I have previously written about culture as the shared and often unspoken elements of school life: purpose, values, stories, relationships, behaviours, and language. Students encounter learning materials, classroom environments, and teacher instruction, while absorbing ways of speaking and listening, norms of attention or disruption, assumptions about intelligence and effort, and expectations about who belongs, who speaks, who is seen, and who is heard. The question is not whether schools produce culture; they do. Rather, it is whether this cultural formation is deliberate, ethical, and coherently aligned with mission, vision, and values.

Recently, in conversation with Fionnuala Kennedy, Head of Wimbledon High School, she described what students and families value most about her school as “the air we breathe every day.” That phrase stayed with me as it names the accumulation of small daily actions that shape our community’s experiences. The air we breathe in a school is what I call the “tangible intangibles” – the way classes begin, the ‘vibe’ in the yard, the buzz in the staff room, the feeling visitors carry with them as they move through the grounds. The cultural air we breathe can be evident in explicit things (school values, communicated messages, behavioural expectations, position descriptions, policies) but develops largely through daily exposure and immersion. The cultural atmosphere that percolates through every interaction in a school cannot be packaged or labelled, but it can be felt.

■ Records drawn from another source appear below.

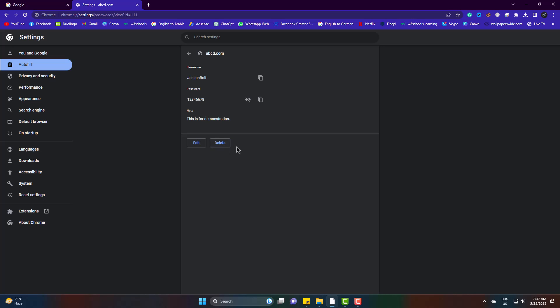So this is how you can easily add a website, username, and password in Google Chrome. Please be with us and also inspire us to make more videos like this. Goodbye.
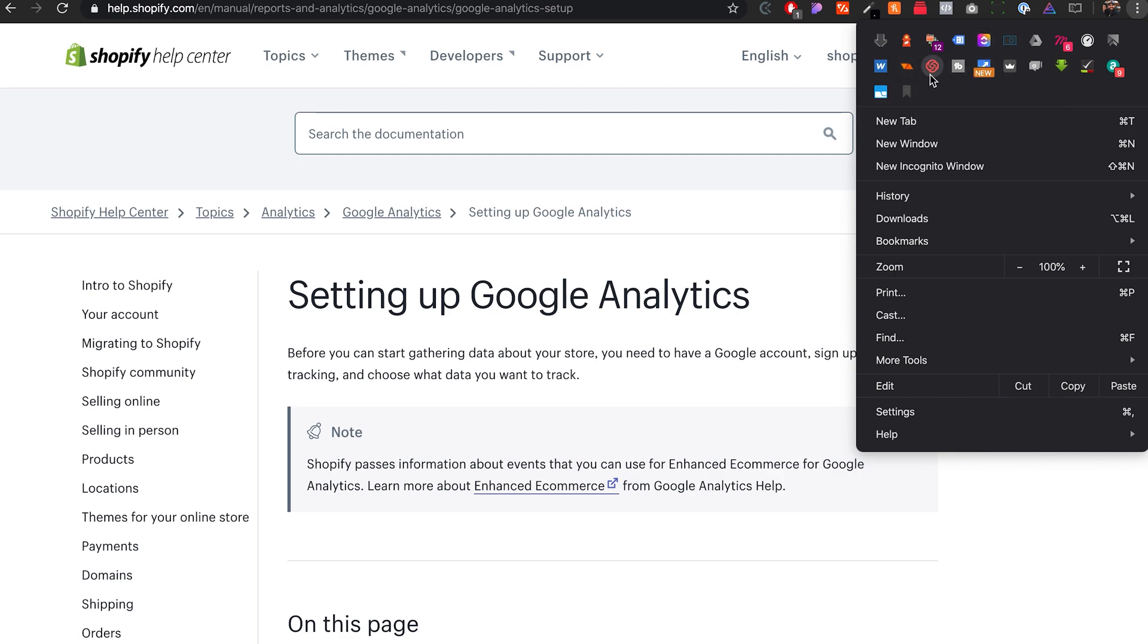But ours is not going to work because our URL, we haven't purchased that yet. So once we actually purchase that and make that live, then we'll be able to track some data.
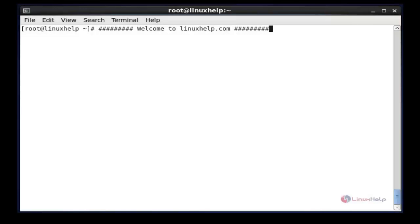Hello friends, welcome to linuxhelp.com. Now I am going to explain the topic about how to access SSH terminal in web browser on Linux.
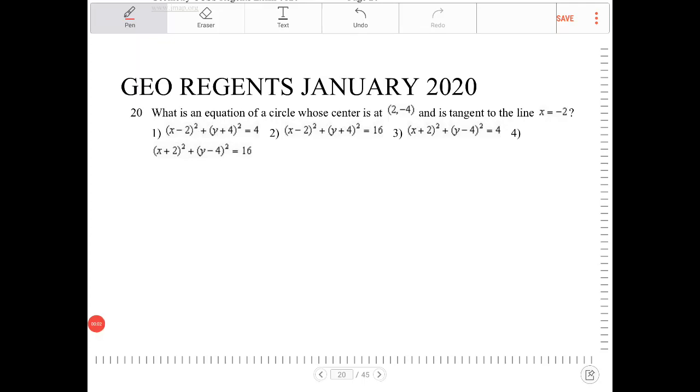What is an equation of a circle whose center is at 2, negative 4, and is tangent to the line x equals negative 2?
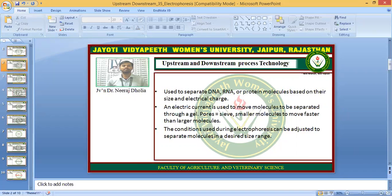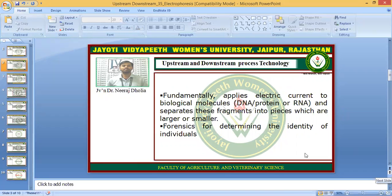The conditions used during electrophoresis can be adjusted to separate molecules in a desired size range according to your requirement. You can change the size of the gel and the apparatus. Fundamentally, it applies electric current to biological molecules and separates them into pieces which are larger or smaller. According to their size, if the molecule is very big, you can chop it into smaller pieces, and if it is already small, you can go ahead with the original molecule.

The power of Fionnuala’s metaphor lies in the constancy of breathing and its absence of conscious decision. Breath comes in and out, sustaining life through unassuming repetition. We often don’t take time to consider and value the air we breathe. We may not notice a change unless there are sharp changes in its quality – temperature, pollution, smell, humidity. School culture operates in much the same way. It exerts influence through repetition and immersion. It shapes what feels normal, possible and admirable.

Sociologist Pierre Bourdieu’s concept of habitus offers a way of understanding the cumulative effects of schools’ cultural atmosphere, and how school cultures endure. Habitus describes how dominant social and cultural conditions are established and reproduced. Individuals absorb dispositions, ways of perceiving, valuing, and acting through participation in social contexts, which are then reproduced through practice. In this sense, habitus is the embodiment of how cultural norms are sustained over time through prolonged exposure to particular cultural conditions.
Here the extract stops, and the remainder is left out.